Beberapa faktornya yaitu adanya penghematan yang terpendam selama dua tahun terakhir. Hal itu sejalan dengan permintaan yang melambat karena lockdown.
“Menurut kami, China akan melihat pertumbuhan yang sangat kuat terutama di akhir tahun, ada beberapa faktor yang sangat penting untuk diperhatikan,” katanya.
Eropa dan AS Hadapi Resesi
Di sisi lain, dia menilai di Amerika Serikat (AS), Eropa, dan Inggris mungkin mengalami resesi pada paruh pertama tahun ini. Tetapi dalam skala yang sangat ringan dibandingkan pertumbuhan ekonomi secara total.
Meski begitu, terjadi pertumbuhan ekonomi yang cukup kuat di belahan dunia lain sehingga secara global masih positif. “Kami perkirakan akan ada perlambatan dan resesi di Eropa, Inggris, dan AS tetapi pertumbuhan yang kuat di negara lain sehingga terjadi pertumbuhan ekonomi tahun ini,” ujar Douglas.

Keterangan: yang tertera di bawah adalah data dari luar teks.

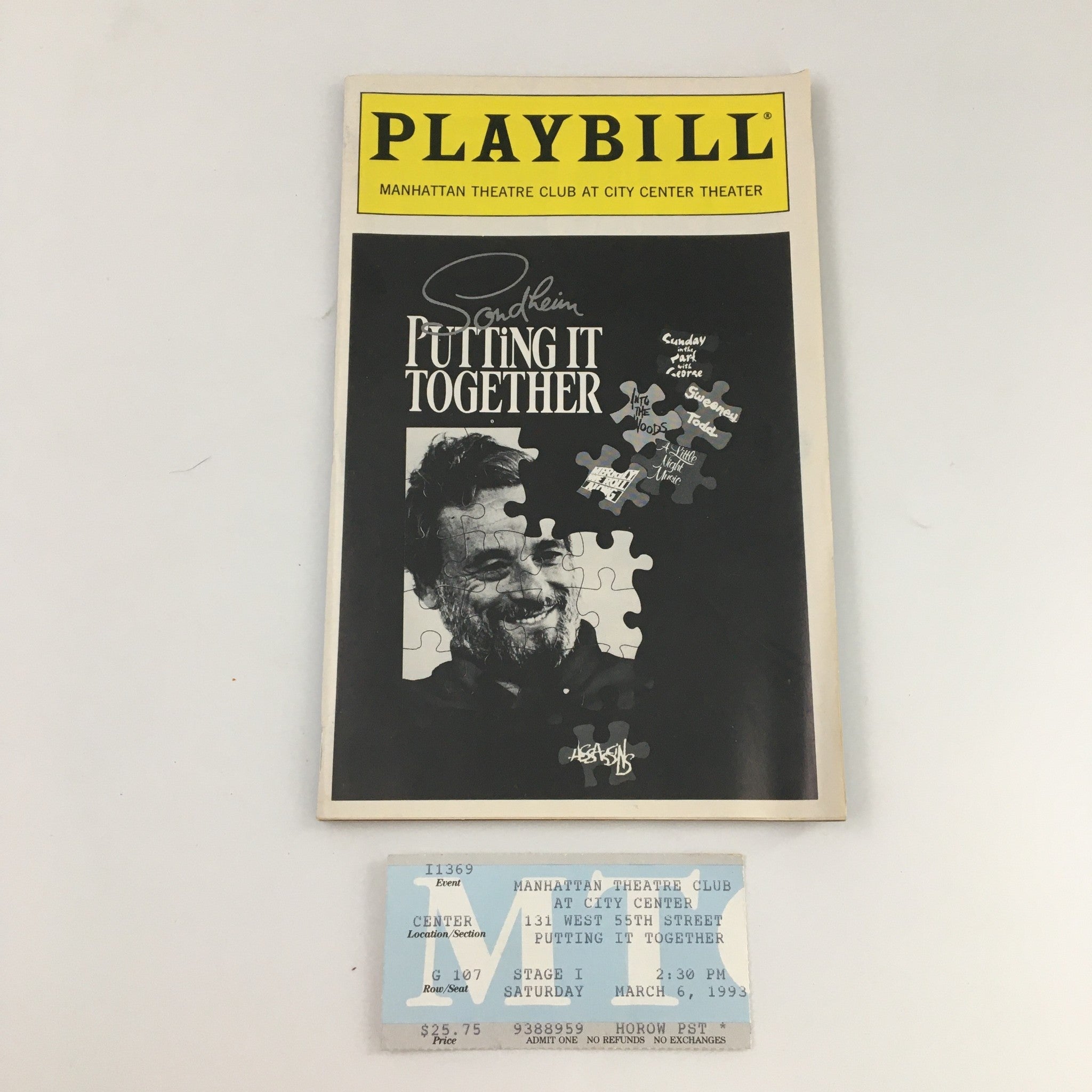 1993 Playbill Manhattan Theatre Club Sondheim Putting it Together Julie Andrews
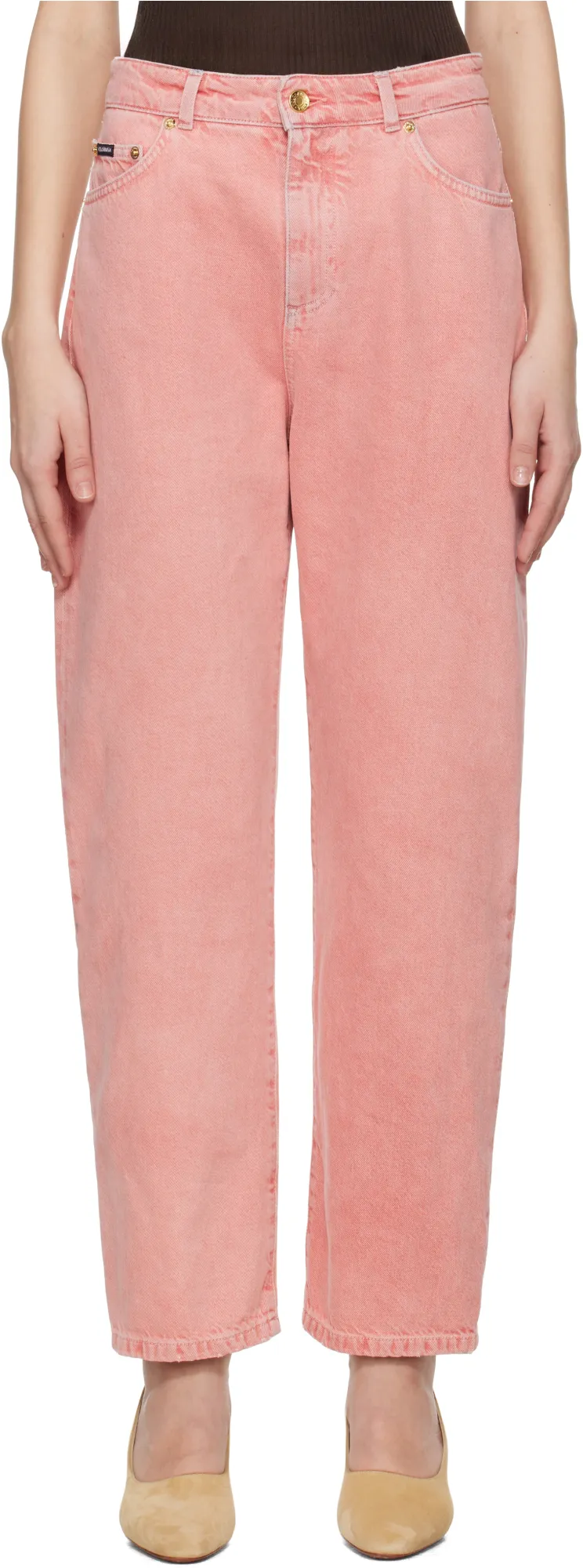Logo Plaque Straight Leg Jeans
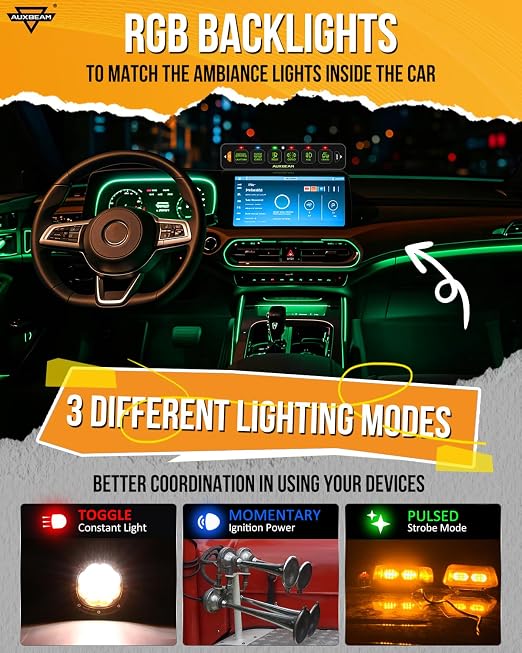 Auxbeam 6 Gang Slim Switch Panel RGB AS-R60 Toggle Momentary Pulsed Dimmable - Image 2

Gubernur Bank Portugal, Mario Centeno, menyebut pelambatan yang terjadi di Eropa merupakan hal yang wajar. Terlebih lagi Benua Biru tengah mengalami krisis energi dan memerlukan waktu lebih lama untuk pulih dari pandemi Covid-19.
Meski begitu, pasar tenaga kerja sangat kuat dan menjadi pilar pertumbuhan ekonomi di Eropa. Dari sisi kebijakan bank sentral, dia memastikan tidak ada upaya untuk mendorong ekonomi menjadi negatif pada tahun ini.
“Saya pikir kami akan melakukan sesuatu yang tidak akan menyebabkan (ekonomi) ke area negatif,” kata Centeno.